Thursday, October 17, 2013

Baran's Total Synthesis of Racemic Steviol, the Aglycone of Stevia's Sweet Glycosides

A Steviol Glycoside.
          The prominent and detail-oriented 'Lydia' character from the AMC series 'Breaking Bad' was wont to partake of chamomile tea sweetened with a packet of 'Stevia' during cafe meetings. Walter White eventually took advantage of her fastidious nature to replace the single packet of Stevia on her table with his long ago-isolated ricin, a potent toxin derived from Castor beans. Steviol glycosides (a representative structure is depicted above) are responsible for the sweet taste of the leaves of the stevia plant (Stevia rebaudiana Bertoni), which range in sweetness from 40 to 300 times sweeter than sucrose. Moreover, steviol glycosides do not induce a glycemic response when ingested, rendering them attractive as natural sweeteners for diabetics. The diterpene steviol, the aglycone of Stevia's sweet glycosides, was the target of recent synthetic studies led by the recently crowned MacArthur fellow Phil Baran at the Scripps Research Institute. The Baran laboratory's campaign, which culminated in the development of a practical total synthesis of (+/-)-steviol, is the subject of this post.

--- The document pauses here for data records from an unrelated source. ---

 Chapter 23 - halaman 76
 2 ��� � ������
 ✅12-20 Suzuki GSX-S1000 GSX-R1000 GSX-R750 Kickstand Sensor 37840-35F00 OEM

          Steviol is an oxidized congener of ent-kaurene, the biosynthetic precursor to the well-known  diterpene plant hormone gibberellic acid. Baran's group constructed the key early-stage tricyclic intermediate 2 in a biomimetic fashion that drew inspiration from Nature's fascinating enzymatic conversion of geranylgeranyl pyrophosphate (GGDP) into ent-kaurene. The enone 3 was then obtained from 2 by a three-step sequence involving elimination of a secondary alcohol, hydrogenolysis and Birch reduction/isomerization. In the subsequent operation, a critical allene [2 + 2] photocycloaddition installed the hindered C8 quaternary center of the advanced cyclobutane intermediate 4. Several alternate methods to install the C8 stereocenter had failed.
          Ozonolysis of 4, when conducted in methanol, induced fragmentation of the strained cyclobutane framework to generate the intermediary methyl ester 5. Next, the [2.2.2]bicyclic system of 6 was fashioned by exposure of 5 to forcing acidic conditions and subsequent reductive cyclopropanation in the presence of acetic anhydride led to the advanced diacetate 7. Finally, controlled fragmentation of 7 with methanolic hydrochloric acid, followed by an expedient methylenation/oxidation endgame sequence produced fully synthetic steviol in only 17 total steps starting from geranyl acetate.
          Notably, an intriguing skeletal rearrangement of steviol, induced by HBr, provides access to the related beyerane diterpene natural product isosteviol, which is apparently thermodynamically favored compared to its kinetic precursor. This impressive work establishes a rapid and efficient synthetic route to access minimally oxidized members of the ent-kaurane and beyerane class of diterpenes. As noted above, members of this natural product family are commercially valuable in the flavor industry as precursors natural and/or semisynthetic sweeteners.